10 TO MIDNIGHT seems like a film that inspired filmmakers like David Fincher (SE7EN, which the movie has a lot in common with). It seemingly has Fincher’s style of narrative, which cuts out the fat and focuses on the good bits only. Even the film’s most ridiculous moments are great. Take, for instance, one sequence where Bronson’s character’s partner (a terrific Andrew Stevens) kicks open a door thinking he’s discovered the killer caught in the act. However, it’s just a couple at a party engaging in some sexual activity. How Stevens’ character reacts to that situation will have you in stitches.
So, the movie has a little bit of everything — romance, comedy, drama and horror. And how it weaves in and out of those genres is outstanding.

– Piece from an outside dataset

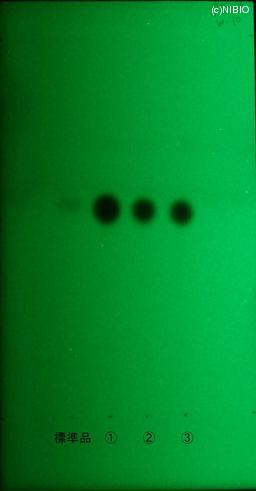 http://mpdb.nibiohn.go.jp/CONTENTS_ROOT/JP_IDENTIFICATION_PHOTO_DATA/JP_IDENTIFICATION_PHOTO_FILE/thumbnail/1212.jpg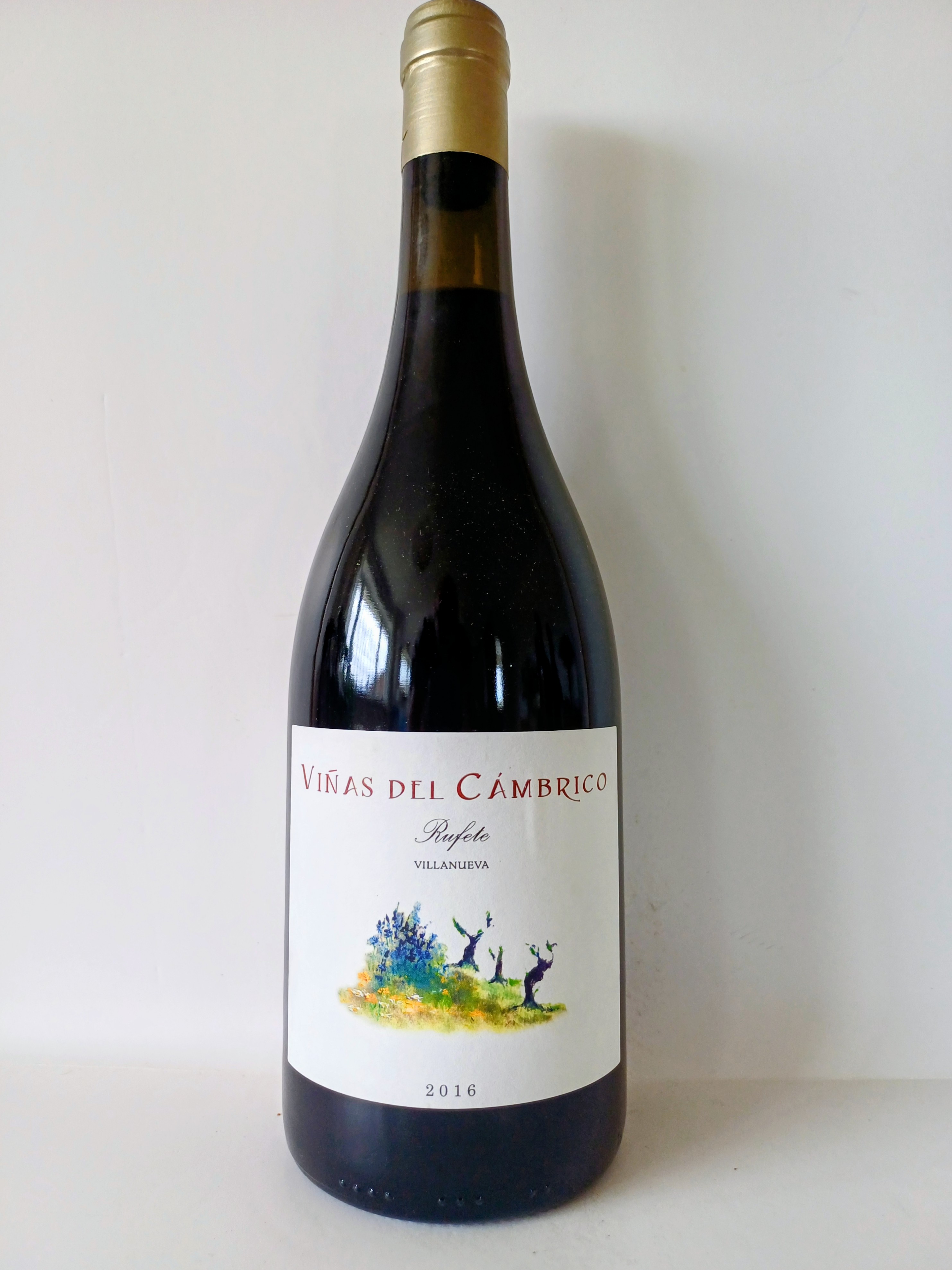 Venus Del Cambrica Rufete Villanueve 2016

Extras: The Scream Factory Collector’s Edition (now available on Blu-ray through shoutfactory.com/shop) includes a cardboard slipcover and reversible cover art designed by Joel Robinson. It also includes a 4K scan of the original camera negative (although, there are a few parts where certain angles have a strobe effect from a poor rendering); new interviews with actors Andrew Stevens (he has some good stories about working alongside Bronson), Robert F. Lyons and Jeana Tomasina and producer Lance Hool; a new and insightful commentary by author Paul Talbott; audio commentary with filmmakers and a film historian; a theatrical trailer; radio spots and a still gallery.
Not rated, 96 minutes.
Director: Richard Donner
Cast: Linda Blair, Verna Bloom, William Daniels, Mark Hamill, Larry Hagman and Michael Lerner
In 1975, director Richard Donner (THE GOONIES) took what would’ve been a throwaway made-for-TV movie and crafted a rather exceptional film that raises awareness about teenage alcoholism. It stars THE EXORCIST’s Linda Blair as a 15-year-old who is struggling to fit in and turns to alcohol to drown her sorrows. But it’s much more than, too.
Although the film can be very dramatic at times (given that it’s a TV movie), it makes up for the fact by delving into complicated human relationships, the plight to find one’s identity and the negative effects alcohol can have. It’s a pretty daring movie, to say the least, most notably toward the end of the film where we reach rock bottom with our main character. I honestly don’t know if I will be able to shake one image, in particular, that involves a horse. It doesn’t hold back in its delivery of the truth, and that makes it super admirable. It should be mandatory viewing in high schools.
Extras: The Shout Factory release (now available on Blu-ray through shoutfactory.com/shop) includes new interviews with Linda Blair (she talks about her career shift from THE EXORCIST to this and how she approached the character) and director Richard Donner and producer David Levinson (an enjoyable convo about how the film came to be and how it shaped into the bold film that it is).